All statistical analyses were conducted using the SPSS version 17.0 (IBM Inc., Armonk, NY, USA). As the current sample sizes were relatively small, normal distributions of the present data sets across all metabolites were not warranted in advance. Therefore, non-parametric statistics were employed for the statistical analyses. The obtained relative area values of each metabolite were regarded as their relative concentration. We tested the differences of these relative concentrations between the ASD participants and the controls using two-tailed Mann-Whitney U test in the first set. For the purpose of exploration, significance levels were set at p<0.05 for each metabolite without correction for multiple comparisons. For the purpose of replication, we compared the metabolite levels, which showed significant differences due to diagnosis in the first set, between the participants with ASD and the controls in the second set using one-tailed Mann-Whitney U test. As analyses on the second set were aimed to replicate findings in the first set, the directions of expected effects were known a priori. Thus, one-tailed tests (p<0.05 were set as significance) were used without correction for multiple comparisons [34].

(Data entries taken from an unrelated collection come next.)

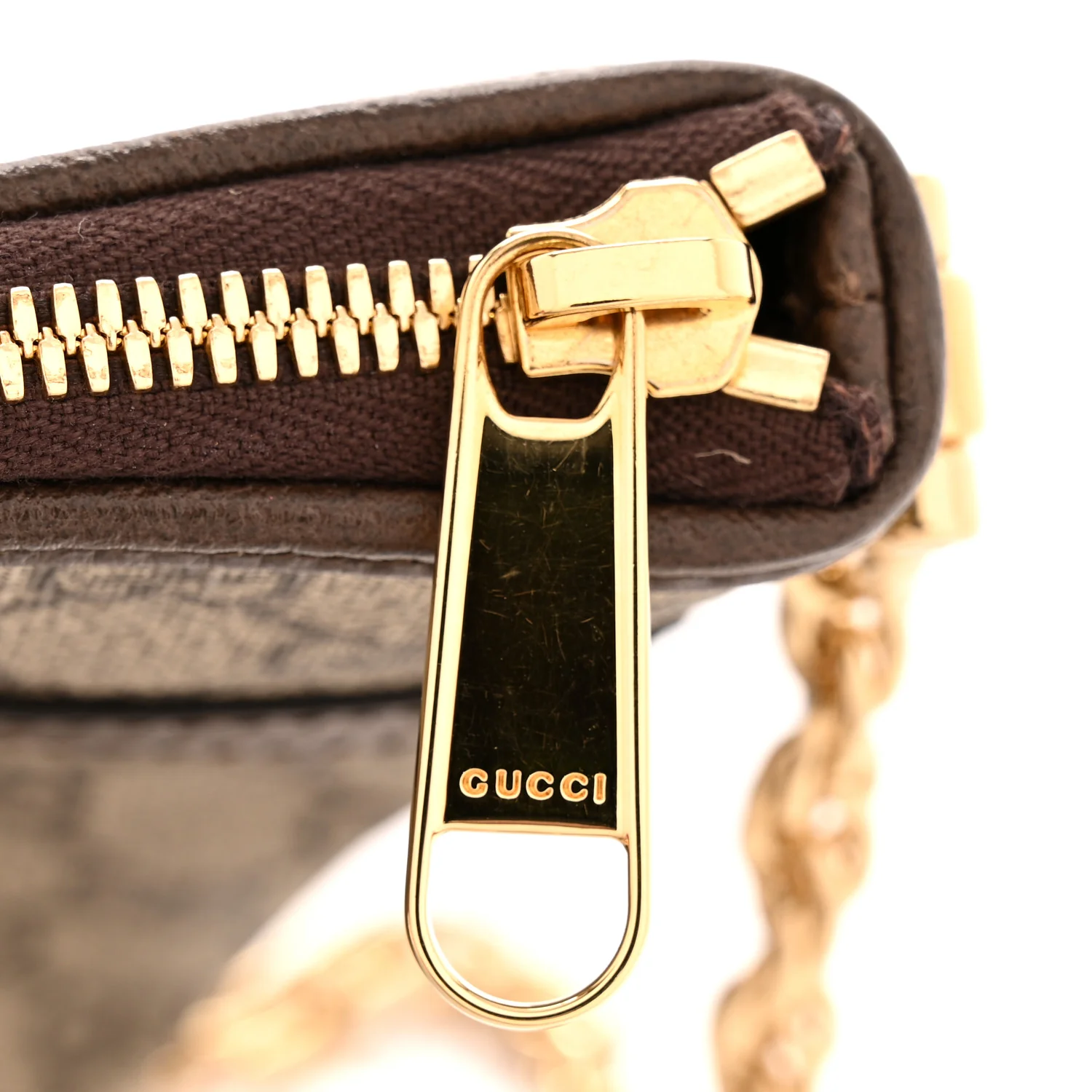 GG Supreme Monogram Web Ophidia Chain Shoulder Bag Brown - Top Club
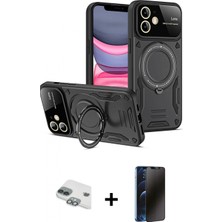 Marsilyan™- iPhone 11 Kılıf Kıvılcım Modern Serisi - Siyah 3D Antistatik Hayalet Cam Ekran Koruyucu + Pers Alüminyum Kamera Lens - Yl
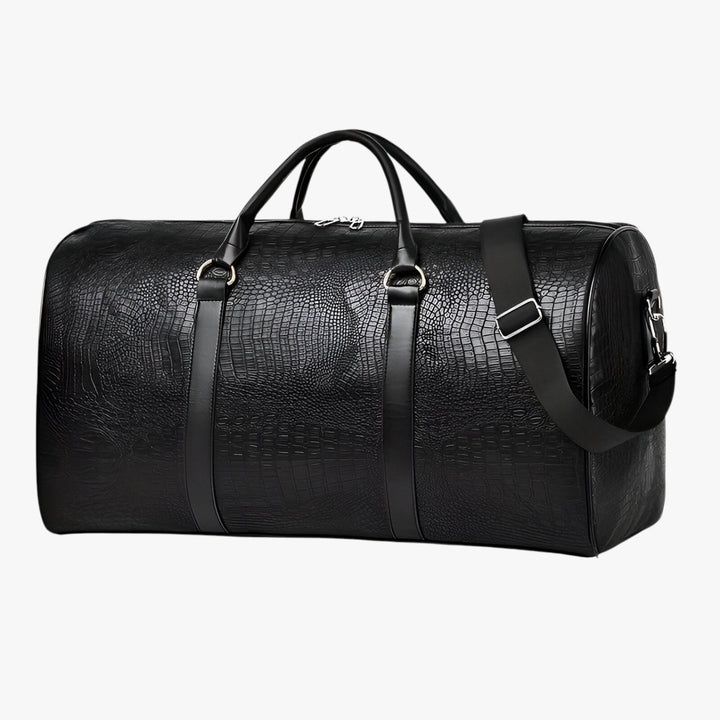 Capiente borsone da viaggio unisex, nero, con tracolla regolabile e comodi manici. Perfetto per weekend fuori porta.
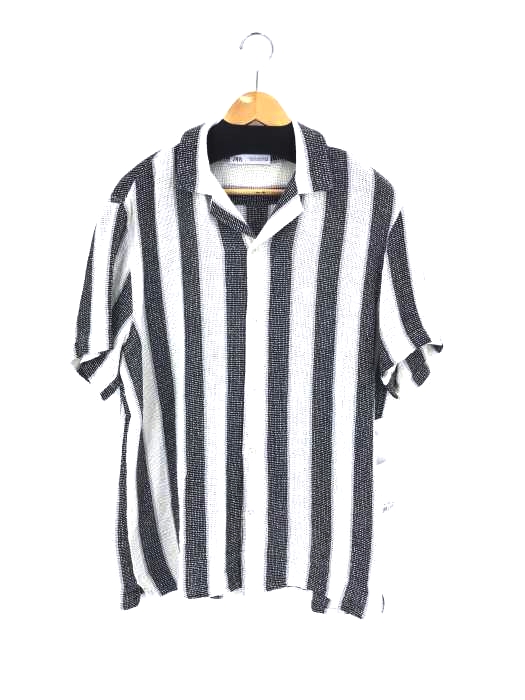 ZARA(ザラ) TEXTURED STRIPED SHIRT メンズ import：L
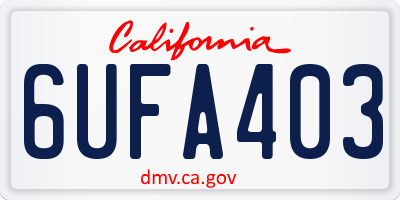 CA license plate 6UFA403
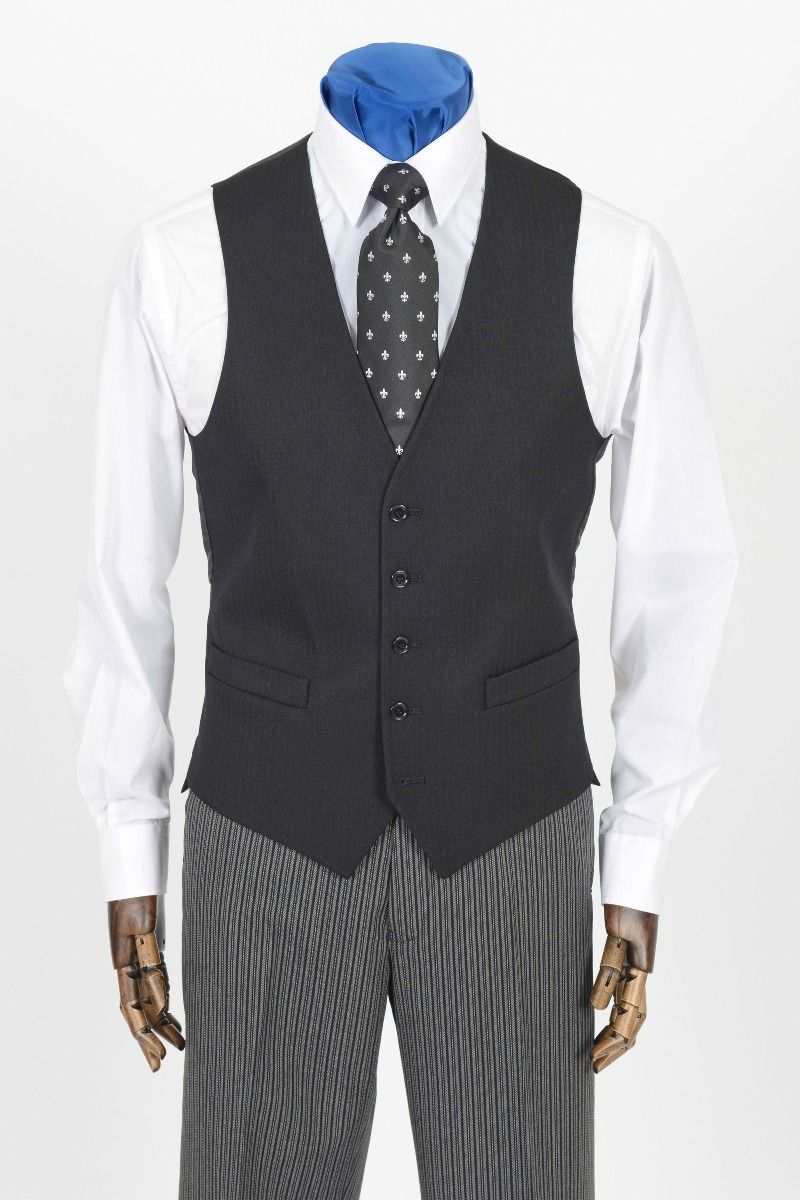 Black Herringbone Wool Waistcoat | Pre-Loved "Ex-Hire"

Discriminant analyses between ASD and controls based on the identified metabolites.

To preliminarily test the possibility of the detected metabolites as a diagnostic tool, we conducted discriminant analyses using metabolite levels that were significantly and consistently different in the ASD participants in the first and the second sets. Since the discriminant analyses were conducted separately on the first and second sets, the significance levels were set at p<0.025 with Bonferroni correction for two data sets.

Comparisons for absolute metabolites concentrations between ASD individuals and controls.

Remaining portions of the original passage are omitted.